The KJV Bible is the traditional Perry Mason tool of choice, but it isn't really applicable to a nation of a hundred kinds of Christianity, Judaism, Islam, atheism, and miscellaneous. I think that it's sufficient to say "Do you solemnly swear under penalty of perjury, to tell the truth, the whole truth, and nothing but the truth or so help me I will tear off your head and shit down your neck?" That's cool because it clearly outlines the punishment for failing to follow the rules and avoids specifying any kind of ontological infrastructure or belief system to support that punishment.

Many people who don't consider a physical Bible to be a sacred or holy object would just politely play along with the Christians in the court system, but I doubt that the godless heathens of the world could consider lying under oath to be a good thing to do. Whether or not you believe in the Judeo-Christian God, you should as a civilized human being of any race or religious orientation still understand and concur that telling the truth is a moral imperative. It withstands any religious or secular scrutiny and touches upon the fundamental law of societal stability that if you do not follow such an imperative, you are a complete and total douchebag and society has a right to reject you in an inalienable act of self-preservation.

But all this is beside the point. I started this because I wanted to talk about them fancy word-books. Swearing to tell the truth should be (and in fact is) based solely on the person's own character and desire to remain an honest person. To this end, putting one hand in the air and another on a copy of an English translation of the writings of a bunch of desert-dwellin' zealots is exactly as necessary, and beneficial, as putting a hand on a copy of Action Comics #1. In fact, I know people who would much rather swear upon trying to uphold the ideals of the last son of Krypton than those of any saint or savior they were lectured about in Sunday School.

George Hrab puts forth, briefly, the idea of having atheists and other science-minded types swear upon a copy of Darwin's On the Origin of Species, which I would dig if it happened, but I don't consider that book to be figuratively sacred, by which I mean that lying about something after saying I wouldn't fails to detract from my appreciation of that text.

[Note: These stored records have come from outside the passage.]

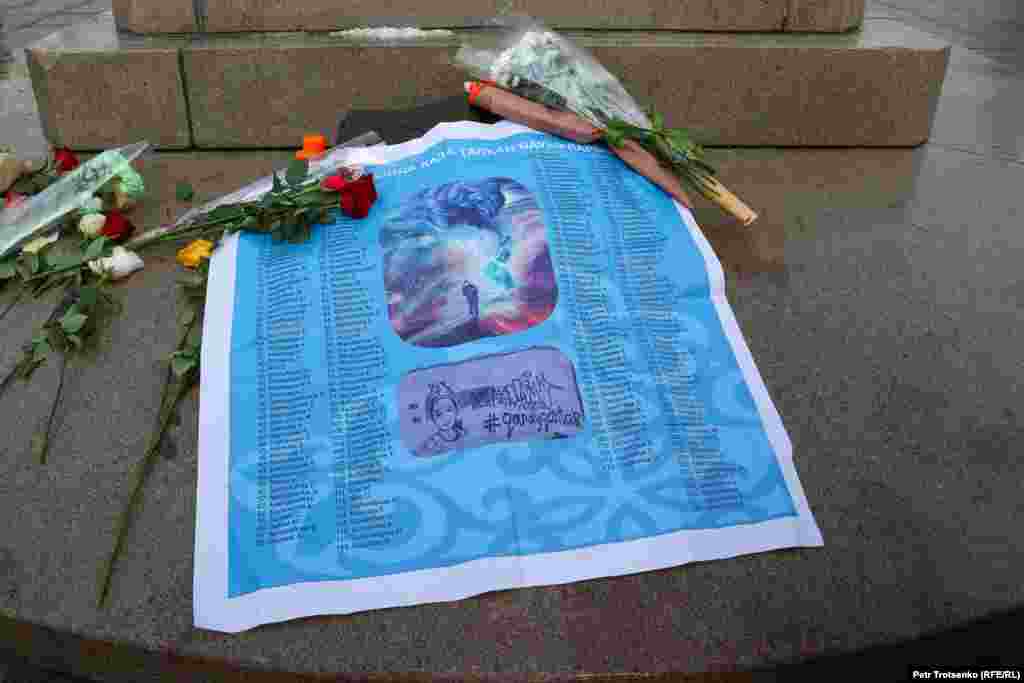 После произнесённых речей активисты возложили к подножию монумента Независимости цветы и список погибших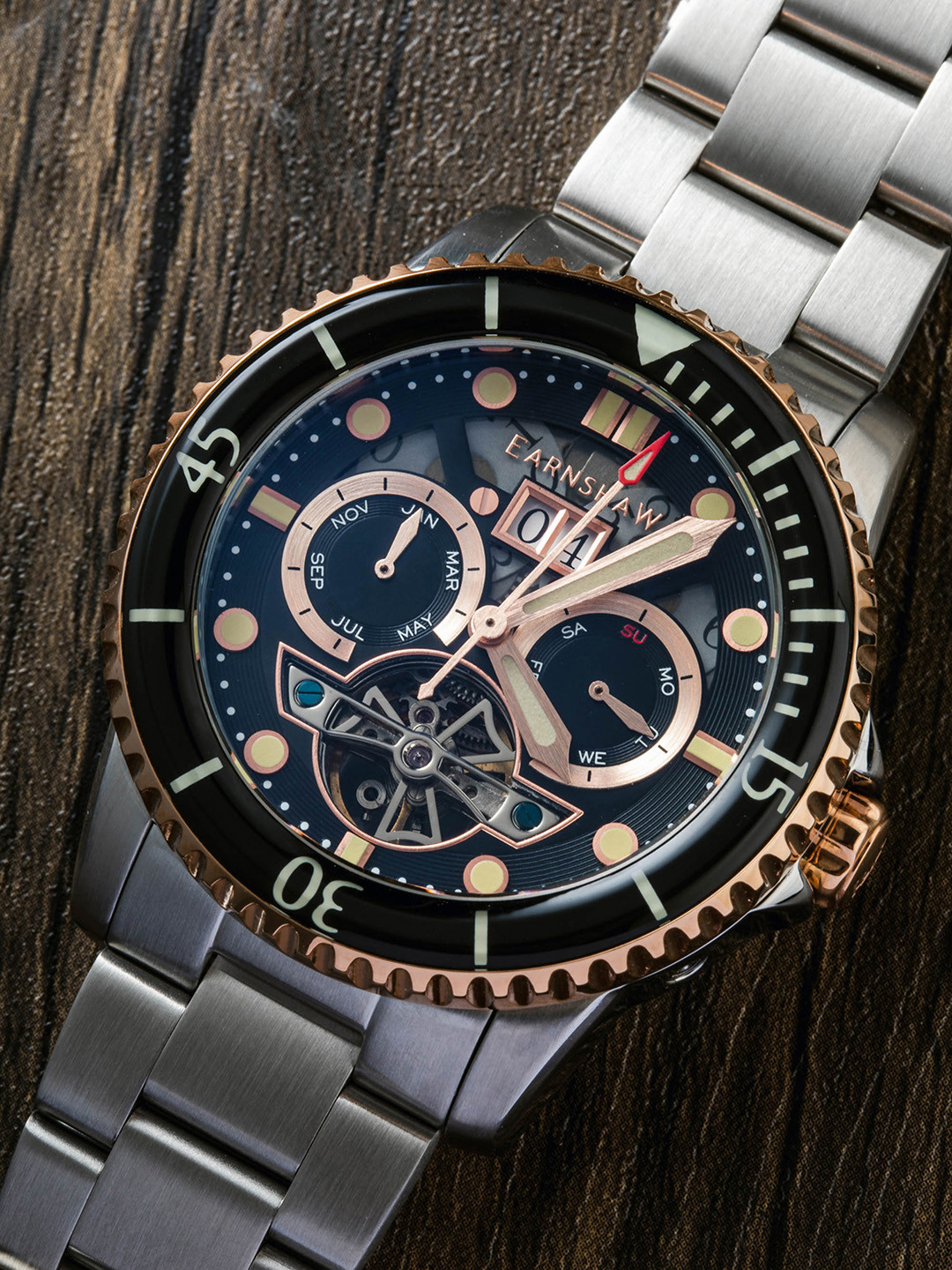 INITIAL - Orologio da uomo automatico Cuore aperto color champagne - Oro rosa 40 mm - Vetro zaffiro - Design classico - Made in France - Charlie Paris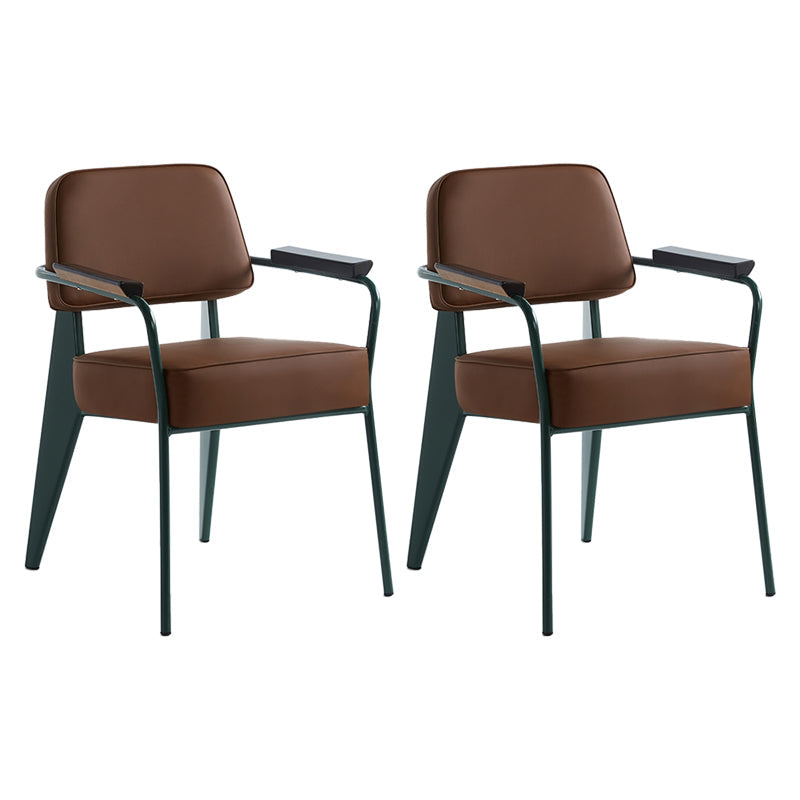 Scandinavian Home Arm Chair Open Back Metal Upholstered Dining Room Chair Coffee Green Set of 2 Clearhalo ' kitchen&dining_furn' 'Dining Chairs' 'Dining Tables & Seating' 'dining_chair' 'Furniture' 'furniture_dining_chair' 'Kitchen & Dining Furniture' 'kitchen' 3859304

I think that the book, whichever one it is, would vary from person to person, and yet would be recognized as having high value among society as a whole as well. I don't know what I'd choose. A Watchmen trade? I never keep my copy far from reach. I'd feel awful of I was responsible for sullying the good name of Volume 2 of The Art of Computer Programming. It's been a while since I've picked it up, but I have a fondness for Ovid's Ars Amatoria as well, but that's a little too sophomoric to build as a basis of the American legal system. Peter David's Vendetta will always be a treasured tome. That's probably my best choice until I can get back to Powell's and have my memory refreshed.

1 comment:

moptop said...

Why not a copy of the consitution? If as a citizen we must appear in court and swear to be truthful, shouldn't the document be one that is pertinent to our citizenship?